Credit:  By Miriam Raftery, East County Magazine, eastcountymagazine.org 10 March 2012 ~~

Wind power produces electricity from a renewable resource without generating greenhouse gas emissions. But wind turbines also generate controversies over bird kills, health impacts, visual blight, maintenance costs and who takes responsibility if turbines are damaged or abandoned.

For better or worse, California’s wind generation is slated to increase six-fold. According to the American Wind Energy Association, our state currently produces 3,927 megawatts (MW) of wind power. Another 847 megawatts is under construction and a whopping 18,269 MW is in the queue. If all are built, that would bring total wind generation in California to more than 24,000 MW—six times the current level.

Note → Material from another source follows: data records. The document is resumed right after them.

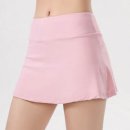 필라테스A 이미지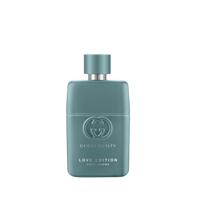 Gucci Guilty Love Pour Homme Eau de Parfum 50ml - thumbnail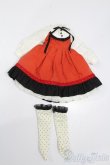 画像1: 30cmサイズドール/OF:衣装 S-25-04-13-250-GN-ZS (1)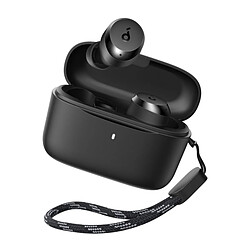 Casque Anker Noir (1 Unité)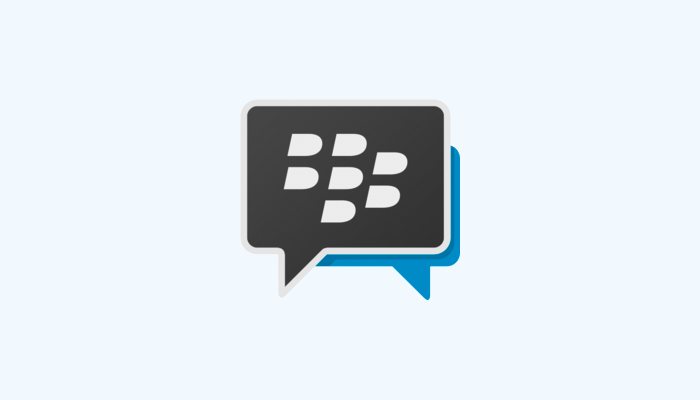 Detail Bbm Vector Logo Nomer 29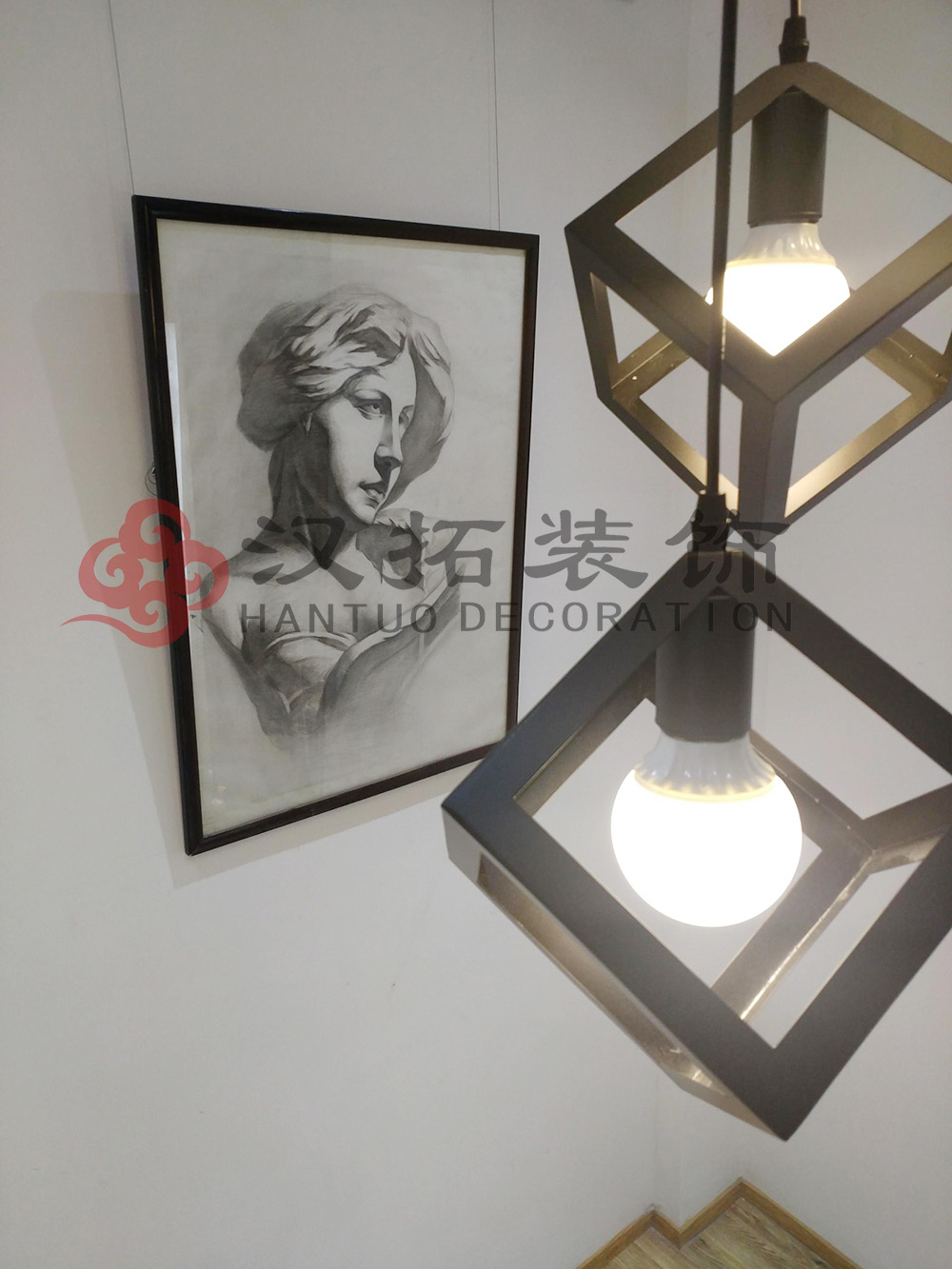 星之光藝術(shù)培訓(xùn)竣工驗(yàn)收 現(xiàn)場圖效果圖 星之光藝術(shù)培訓(xùn)竣工驗(yàn)收 現(xiàn)場圖效果圖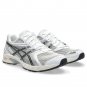 Asics Gel-Ds Trainer 14 White Honey Beige 1203A607-105
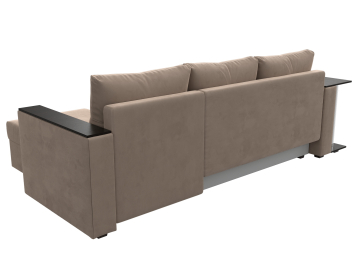 Диван угловой Атланта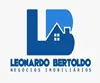 Leonardo Bertoldo Negócios Imobiliários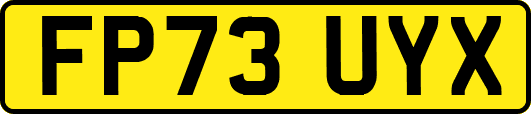 FP73UYX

Potentially, the state could produce even more–as much as 105,646 GWh if all areas with strong wind conditions were developed. In 2010, wind accounted for 3.3% of California’s power, or enough to power 1 million homes. According to a resource assessment from the National Renewable Energy Lab, California’s wind resources could provide up to 39.4 percent of the state’s current electricity needs.

First in the nation to develop wind power, our state currently ranks third in the nation for wind installation (behind Texas and Iowa. California wind generation is estimated to avoid the need for 7 million metric tons of carbon dioxide (which produces greenhouse gases that contribute to global climate change).

But the green gold rush is not without problems.

Wind incentives were first enacted in 1981. According to WindWatch, many turbines were abandoned in some California communities after subsidies expired in 1985. “They still stand today, rusted and broken, their developers long since gone or bankrupted, with no one to take them down. They are an unsightly industrial junk-yard, a horrible blight on the landscape, a monument to failed public policy,” WindWatch states.

Ken Lay and Enron pushed through subsidies and tax write-offs for the wind industry; Enron was touted as the world’s only fully-integrated wind power company. (General Electric later bought Enron’s wind turbine manufacturing business, while Florida Power and Light and others purchased Enron’s wind farms.) WindWatch further charges that electricity deregulation and the rise of the wind industry have shifted the management of our nation’s power system from electrical engineers to investment bankers.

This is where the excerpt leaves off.